Une tradition orale, enracinée dans la culture locale, rapporte que leur aïeul, chef de la caravane du pèlerinage au Tafilalet, devrait son surnom au fait qu’il ait servi de guide à Hassan Dakhil (ancêtre des sultans alaouites) depuis son berceau de Yanbu au Hijaz sur la mer Rouge, jusqu’à la cité oasienne de Sijilmassa dans la province du Tafilalet, vers 1266, sous le règne mérinide.
Leurs deux tombes reposeraient sous la même coupole; tandis qu’un moussem honore toujours la mémoire des deux hommes, animé par la danse et les chants populaires, dits Houbi, spécifiques de cette tribu semi-nomade.
Au début du règne du sultan alaouite Moulay Abd-Allah ben Ismaïl, un rameau du groupe Doui-Menia, issu de la région de Figuig et de Béchar, fut installé au nord-est de Fès où il fut incorporé dans l’armée des Chraga dont le rôle auprès du premier sultan alaouite Moulay Rachid est incontestable.

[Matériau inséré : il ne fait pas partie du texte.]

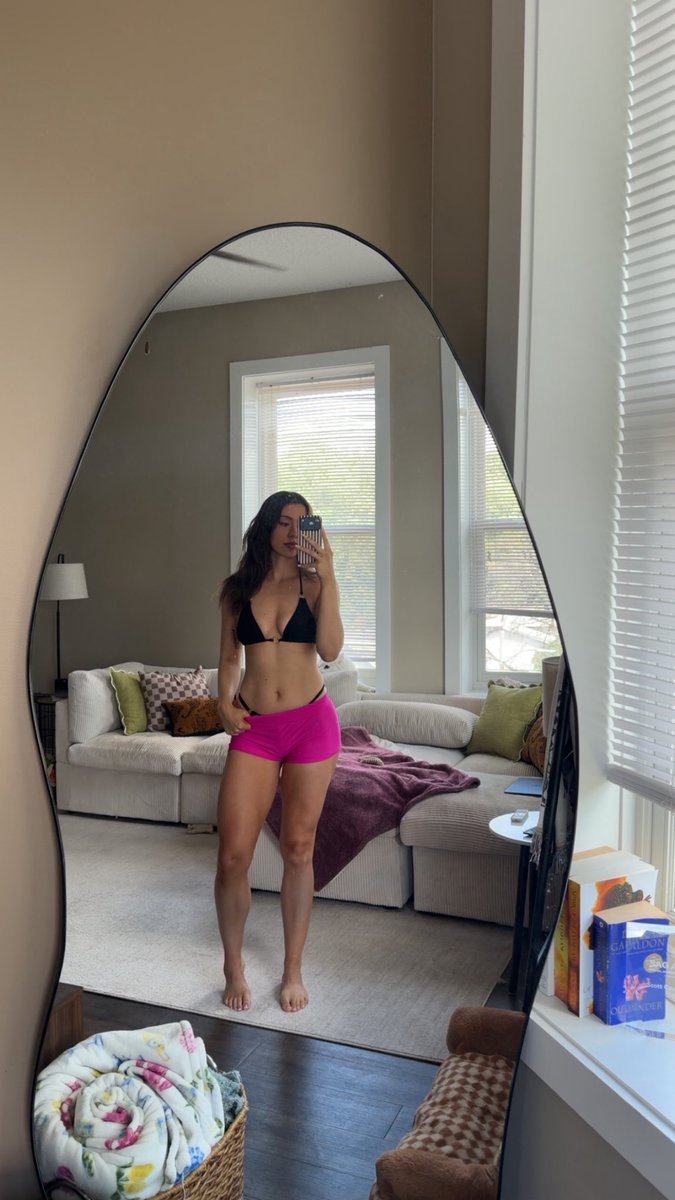 yapperbre's tweet photo. 👙☀️ https://t.co/gh9Nw7wdVS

Parmi ces groupes figurent les Jamaï, qui ne tardèrent pas à s’illustrer dès lors, dans la cité idrisside voisine, principalement depuis le XIXe siècle, date de leur entrée dans le Guich organisé par le sultan Moulay Abd-Rahman à la suite de la défaite marocaine à la bataille d’Isly.
Les Doui-Menia laissent ainsi leur nom en tant que tel à différents groupements, non seulement dans le Tafilalet et dans la région de Figuig mais également chez les Aârab Saïss près de Meknès et au nord-est de Fès.

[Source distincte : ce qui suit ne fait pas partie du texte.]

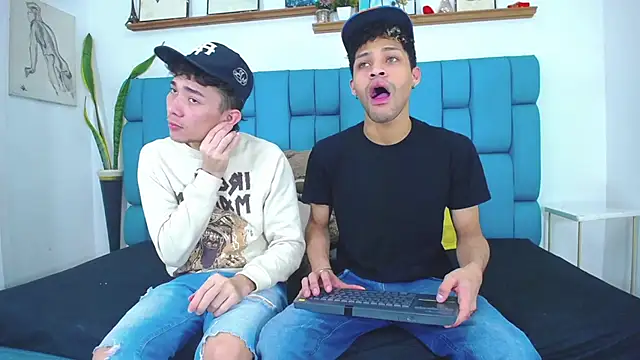 STRANGER BOYS online show from June 27, 2026, 11:11 pm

La forme équivalente, Oulad Menia, est quant à elle présente avec des fractions de tribus dans le Gharb près de Had Kourt.
Les Meniî forment par ailleurs un groupement au sein des Mzab dans la plaine Chaouia dont l’une des personnalités de renom fut le théologien et jurisconsulte Larbi ben Mqeddem Meniî, chargé de missions officielles à Tanger, où il trouva accidentellement la mort en 1900.
Avec le début de la colonisation française, les Doui-Menia s’illustrèrent au combat sous la protection des zaouïas locales notamment celle des Kenadsa.
Appelée aussi Ziyaniya, celle-ci est fondée dans le Haut-Guir, chez les Doui-Menia, sur les axes caravaniers sahariens, par le cheikh Sidi Bouziane, natif de la vallée du Draa vers 1650.
Parmi ses descendants adulés, figure Sidi Mhammed ben Bouziane (mort vers 1780) dont le sanctuaire est renommé à l’extérieur d’Oujda où il était considéré comme le protecteur des voyageurs et des pèlerins.
Autre zaouïa de renom, sur la rive d’Oued Saoura: la Kerzaziya, dite aussi Moussaouia ou Ahmadiya, des noms de son fondateur au XVIe siècle, Sidi Ahmed ben Moussa Saouri, surnommé Boufelja et Moul-Kerzaz, considéré d’origine Machichi Alami, natif de Fès selon Mohammed ben Jaâfar Kettani.
Son nom est laissé par ailleurs aux Moussaoua de l’Oriental et à Douar Beni Kerzaz au nord de la plaine atlantique de la Chaouia.
Au nombre des batailles menées par les Doui-Menia contre l’occupant français, signalons celle qui s’est déroulée en 1852 à Oglat El Hadj Mohammed contre les troupes du général Colomb dont le nom sera donné à Colomb-Béchar avec l’occupation de l’oasis en 1903, en remplacement de son ancien nom de Tagda, l’imposant par la même occasion comme chef-lieu et plaçant au second plan la Zaouia, naguère prépondérante des Kenadsa. (Voir en ce sens «Espace et sacré au Sahara», de Abderrahmane Moussaoui).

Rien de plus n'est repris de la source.